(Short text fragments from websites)
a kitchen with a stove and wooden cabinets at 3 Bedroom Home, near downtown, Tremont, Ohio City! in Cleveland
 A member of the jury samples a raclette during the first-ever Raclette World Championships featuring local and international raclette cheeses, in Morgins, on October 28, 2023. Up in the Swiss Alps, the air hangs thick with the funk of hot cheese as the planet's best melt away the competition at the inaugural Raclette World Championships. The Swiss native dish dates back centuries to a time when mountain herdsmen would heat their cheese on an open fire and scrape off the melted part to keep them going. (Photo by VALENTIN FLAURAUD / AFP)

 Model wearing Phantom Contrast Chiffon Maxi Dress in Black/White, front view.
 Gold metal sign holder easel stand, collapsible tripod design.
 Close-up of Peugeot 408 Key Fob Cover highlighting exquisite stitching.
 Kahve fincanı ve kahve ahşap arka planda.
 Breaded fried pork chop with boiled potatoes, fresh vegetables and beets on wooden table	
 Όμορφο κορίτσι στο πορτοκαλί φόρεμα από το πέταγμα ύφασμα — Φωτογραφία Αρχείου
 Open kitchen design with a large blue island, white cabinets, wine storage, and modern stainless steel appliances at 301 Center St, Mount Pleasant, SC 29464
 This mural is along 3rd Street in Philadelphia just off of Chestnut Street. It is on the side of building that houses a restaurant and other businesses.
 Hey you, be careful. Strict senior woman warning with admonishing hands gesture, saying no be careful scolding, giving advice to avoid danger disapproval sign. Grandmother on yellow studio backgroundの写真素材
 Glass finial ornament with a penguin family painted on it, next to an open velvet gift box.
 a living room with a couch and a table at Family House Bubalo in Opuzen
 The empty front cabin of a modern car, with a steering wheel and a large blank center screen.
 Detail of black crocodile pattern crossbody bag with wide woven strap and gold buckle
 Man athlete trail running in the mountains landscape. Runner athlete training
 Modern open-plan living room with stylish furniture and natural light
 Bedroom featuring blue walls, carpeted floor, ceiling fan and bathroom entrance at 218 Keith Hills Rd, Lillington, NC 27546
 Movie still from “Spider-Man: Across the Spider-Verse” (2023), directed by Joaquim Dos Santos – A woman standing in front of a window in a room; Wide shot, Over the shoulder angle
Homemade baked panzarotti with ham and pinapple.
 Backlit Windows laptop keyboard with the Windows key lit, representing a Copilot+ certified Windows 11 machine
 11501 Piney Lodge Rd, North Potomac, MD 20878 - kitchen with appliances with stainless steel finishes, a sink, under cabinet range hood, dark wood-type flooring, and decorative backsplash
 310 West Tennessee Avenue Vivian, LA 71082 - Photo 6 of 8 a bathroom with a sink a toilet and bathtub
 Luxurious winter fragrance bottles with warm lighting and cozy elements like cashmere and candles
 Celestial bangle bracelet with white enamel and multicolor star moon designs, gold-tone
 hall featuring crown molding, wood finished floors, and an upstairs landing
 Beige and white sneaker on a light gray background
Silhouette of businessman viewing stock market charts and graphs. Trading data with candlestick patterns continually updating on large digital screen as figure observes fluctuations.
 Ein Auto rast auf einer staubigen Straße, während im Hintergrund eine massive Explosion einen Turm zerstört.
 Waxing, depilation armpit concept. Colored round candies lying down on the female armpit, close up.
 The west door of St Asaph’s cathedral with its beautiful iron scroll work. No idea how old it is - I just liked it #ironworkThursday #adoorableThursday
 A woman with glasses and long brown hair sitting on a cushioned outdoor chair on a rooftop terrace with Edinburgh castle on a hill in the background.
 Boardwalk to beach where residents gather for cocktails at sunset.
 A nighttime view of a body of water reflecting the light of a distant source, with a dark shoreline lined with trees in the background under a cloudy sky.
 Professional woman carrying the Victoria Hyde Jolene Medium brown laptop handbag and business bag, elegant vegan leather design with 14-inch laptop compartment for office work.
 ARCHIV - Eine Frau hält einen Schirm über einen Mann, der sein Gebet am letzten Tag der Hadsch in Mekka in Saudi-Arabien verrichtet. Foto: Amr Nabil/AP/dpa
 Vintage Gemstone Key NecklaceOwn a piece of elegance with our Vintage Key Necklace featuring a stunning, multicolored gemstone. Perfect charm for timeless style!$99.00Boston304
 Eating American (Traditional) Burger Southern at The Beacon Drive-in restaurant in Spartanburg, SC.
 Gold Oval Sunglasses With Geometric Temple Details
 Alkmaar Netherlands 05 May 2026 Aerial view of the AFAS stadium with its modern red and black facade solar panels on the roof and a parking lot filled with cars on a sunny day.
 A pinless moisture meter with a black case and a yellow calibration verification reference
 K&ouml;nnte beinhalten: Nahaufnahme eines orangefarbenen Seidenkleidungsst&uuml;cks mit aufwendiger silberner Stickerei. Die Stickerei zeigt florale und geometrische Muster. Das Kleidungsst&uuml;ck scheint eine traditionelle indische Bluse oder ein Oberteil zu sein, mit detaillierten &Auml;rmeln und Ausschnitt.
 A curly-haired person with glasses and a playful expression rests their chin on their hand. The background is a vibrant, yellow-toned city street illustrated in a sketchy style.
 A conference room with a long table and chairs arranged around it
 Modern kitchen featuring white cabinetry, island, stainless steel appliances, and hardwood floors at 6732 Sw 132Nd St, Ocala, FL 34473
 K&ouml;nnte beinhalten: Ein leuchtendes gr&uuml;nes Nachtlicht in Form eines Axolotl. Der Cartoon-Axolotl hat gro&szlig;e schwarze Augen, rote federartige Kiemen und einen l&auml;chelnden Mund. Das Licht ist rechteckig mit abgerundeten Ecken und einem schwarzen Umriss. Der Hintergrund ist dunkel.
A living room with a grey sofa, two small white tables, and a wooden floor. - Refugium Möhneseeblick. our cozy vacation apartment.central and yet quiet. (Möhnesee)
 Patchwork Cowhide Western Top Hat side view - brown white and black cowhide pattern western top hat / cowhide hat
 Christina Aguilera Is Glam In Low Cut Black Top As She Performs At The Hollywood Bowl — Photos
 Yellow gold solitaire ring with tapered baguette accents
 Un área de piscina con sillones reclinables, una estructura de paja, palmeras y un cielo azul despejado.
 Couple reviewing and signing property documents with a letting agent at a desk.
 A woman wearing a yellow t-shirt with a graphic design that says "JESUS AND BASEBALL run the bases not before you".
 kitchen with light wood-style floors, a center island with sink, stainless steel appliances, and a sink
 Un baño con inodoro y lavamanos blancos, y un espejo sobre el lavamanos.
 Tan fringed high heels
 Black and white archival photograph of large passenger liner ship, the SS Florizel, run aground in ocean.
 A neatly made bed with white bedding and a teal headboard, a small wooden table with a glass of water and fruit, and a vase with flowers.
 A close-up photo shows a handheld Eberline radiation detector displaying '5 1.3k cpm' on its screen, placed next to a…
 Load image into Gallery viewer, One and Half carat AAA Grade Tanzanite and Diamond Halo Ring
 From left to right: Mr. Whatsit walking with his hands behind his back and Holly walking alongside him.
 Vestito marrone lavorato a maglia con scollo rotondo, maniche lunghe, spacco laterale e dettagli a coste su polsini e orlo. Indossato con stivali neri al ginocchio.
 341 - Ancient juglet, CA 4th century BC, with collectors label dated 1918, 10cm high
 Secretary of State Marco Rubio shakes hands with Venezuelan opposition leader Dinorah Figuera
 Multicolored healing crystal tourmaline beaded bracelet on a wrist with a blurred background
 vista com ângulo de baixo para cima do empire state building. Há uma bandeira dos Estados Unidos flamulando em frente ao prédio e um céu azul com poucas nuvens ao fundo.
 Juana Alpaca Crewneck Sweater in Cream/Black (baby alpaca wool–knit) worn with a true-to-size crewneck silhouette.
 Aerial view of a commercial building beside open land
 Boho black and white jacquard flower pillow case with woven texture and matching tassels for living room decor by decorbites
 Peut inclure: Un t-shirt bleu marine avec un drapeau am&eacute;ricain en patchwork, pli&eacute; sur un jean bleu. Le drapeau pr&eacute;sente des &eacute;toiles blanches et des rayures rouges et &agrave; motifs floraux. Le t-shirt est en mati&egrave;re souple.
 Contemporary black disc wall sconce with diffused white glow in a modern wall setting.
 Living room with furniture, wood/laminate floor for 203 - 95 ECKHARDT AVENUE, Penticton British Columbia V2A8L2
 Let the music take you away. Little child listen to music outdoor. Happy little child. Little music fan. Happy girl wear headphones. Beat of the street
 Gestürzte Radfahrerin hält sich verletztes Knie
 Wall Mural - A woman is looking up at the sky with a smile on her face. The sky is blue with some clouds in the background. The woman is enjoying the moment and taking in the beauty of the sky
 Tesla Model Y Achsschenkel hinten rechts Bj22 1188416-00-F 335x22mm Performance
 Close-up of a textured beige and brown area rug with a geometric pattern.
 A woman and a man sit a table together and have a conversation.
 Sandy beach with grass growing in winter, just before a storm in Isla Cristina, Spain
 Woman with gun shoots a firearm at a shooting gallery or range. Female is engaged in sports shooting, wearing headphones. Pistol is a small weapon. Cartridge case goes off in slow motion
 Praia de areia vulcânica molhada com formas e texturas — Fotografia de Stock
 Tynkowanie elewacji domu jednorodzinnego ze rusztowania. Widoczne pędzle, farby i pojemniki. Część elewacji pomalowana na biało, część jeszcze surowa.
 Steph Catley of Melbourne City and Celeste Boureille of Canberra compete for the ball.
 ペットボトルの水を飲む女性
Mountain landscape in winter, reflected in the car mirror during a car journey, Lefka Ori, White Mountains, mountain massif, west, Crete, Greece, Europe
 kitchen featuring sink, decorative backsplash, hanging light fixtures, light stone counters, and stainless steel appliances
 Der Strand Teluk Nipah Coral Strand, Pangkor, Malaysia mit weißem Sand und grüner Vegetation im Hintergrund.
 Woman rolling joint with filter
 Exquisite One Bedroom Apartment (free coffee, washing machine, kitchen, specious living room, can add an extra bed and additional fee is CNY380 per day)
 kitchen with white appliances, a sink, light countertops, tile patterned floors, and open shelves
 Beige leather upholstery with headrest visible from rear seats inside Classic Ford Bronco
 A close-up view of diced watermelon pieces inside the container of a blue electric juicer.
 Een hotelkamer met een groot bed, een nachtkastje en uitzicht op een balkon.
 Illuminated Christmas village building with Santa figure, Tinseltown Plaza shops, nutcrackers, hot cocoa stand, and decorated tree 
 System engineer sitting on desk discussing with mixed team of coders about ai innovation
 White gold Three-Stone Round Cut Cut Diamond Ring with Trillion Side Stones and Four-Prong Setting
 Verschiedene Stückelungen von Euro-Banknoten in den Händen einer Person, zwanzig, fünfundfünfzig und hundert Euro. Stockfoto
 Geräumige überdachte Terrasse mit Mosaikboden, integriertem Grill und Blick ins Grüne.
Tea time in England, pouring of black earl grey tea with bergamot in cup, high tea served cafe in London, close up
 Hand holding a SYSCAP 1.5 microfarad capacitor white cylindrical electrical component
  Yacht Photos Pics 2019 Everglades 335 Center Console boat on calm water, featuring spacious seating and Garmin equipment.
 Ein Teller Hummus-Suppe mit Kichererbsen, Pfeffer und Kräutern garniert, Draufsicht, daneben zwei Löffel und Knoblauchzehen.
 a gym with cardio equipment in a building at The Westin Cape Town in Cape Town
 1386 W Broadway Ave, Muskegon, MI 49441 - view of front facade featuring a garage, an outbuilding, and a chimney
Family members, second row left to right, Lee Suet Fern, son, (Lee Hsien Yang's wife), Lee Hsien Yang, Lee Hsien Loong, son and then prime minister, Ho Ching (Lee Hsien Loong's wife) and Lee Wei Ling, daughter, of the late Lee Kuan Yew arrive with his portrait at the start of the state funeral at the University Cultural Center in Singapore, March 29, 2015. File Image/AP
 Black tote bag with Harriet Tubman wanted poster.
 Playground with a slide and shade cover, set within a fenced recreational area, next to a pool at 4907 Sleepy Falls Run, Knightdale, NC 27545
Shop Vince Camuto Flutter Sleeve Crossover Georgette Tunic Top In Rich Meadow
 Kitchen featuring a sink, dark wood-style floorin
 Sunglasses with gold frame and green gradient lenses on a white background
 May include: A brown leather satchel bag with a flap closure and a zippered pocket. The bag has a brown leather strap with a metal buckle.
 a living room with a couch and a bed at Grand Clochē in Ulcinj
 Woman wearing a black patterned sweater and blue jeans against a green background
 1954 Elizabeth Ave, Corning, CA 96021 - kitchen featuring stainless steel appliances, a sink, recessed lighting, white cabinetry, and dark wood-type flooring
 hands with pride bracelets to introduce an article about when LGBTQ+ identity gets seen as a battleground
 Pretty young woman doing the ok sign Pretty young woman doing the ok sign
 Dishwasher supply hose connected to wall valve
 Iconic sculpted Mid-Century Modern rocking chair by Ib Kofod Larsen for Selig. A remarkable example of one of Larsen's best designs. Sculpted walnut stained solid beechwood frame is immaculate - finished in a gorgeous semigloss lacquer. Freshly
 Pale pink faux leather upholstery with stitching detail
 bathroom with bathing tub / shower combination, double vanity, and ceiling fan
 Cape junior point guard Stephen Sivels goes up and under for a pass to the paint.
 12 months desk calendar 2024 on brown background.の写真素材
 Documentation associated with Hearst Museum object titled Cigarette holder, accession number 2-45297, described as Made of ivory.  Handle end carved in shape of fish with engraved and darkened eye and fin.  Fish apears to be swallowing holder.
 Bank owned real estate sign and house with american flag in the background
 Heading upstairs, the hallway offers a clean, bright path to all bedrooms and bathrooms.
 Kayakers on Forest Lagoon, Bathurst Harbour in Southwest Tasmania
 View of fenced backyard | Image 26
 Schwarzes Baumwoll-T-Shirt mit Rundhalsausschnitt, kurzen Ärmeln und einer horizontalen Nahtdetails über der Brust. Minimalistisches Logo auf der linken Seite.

About this exercise:
Across the data, tally the lines containing "flooring" and give back the number alone.

Solution:
2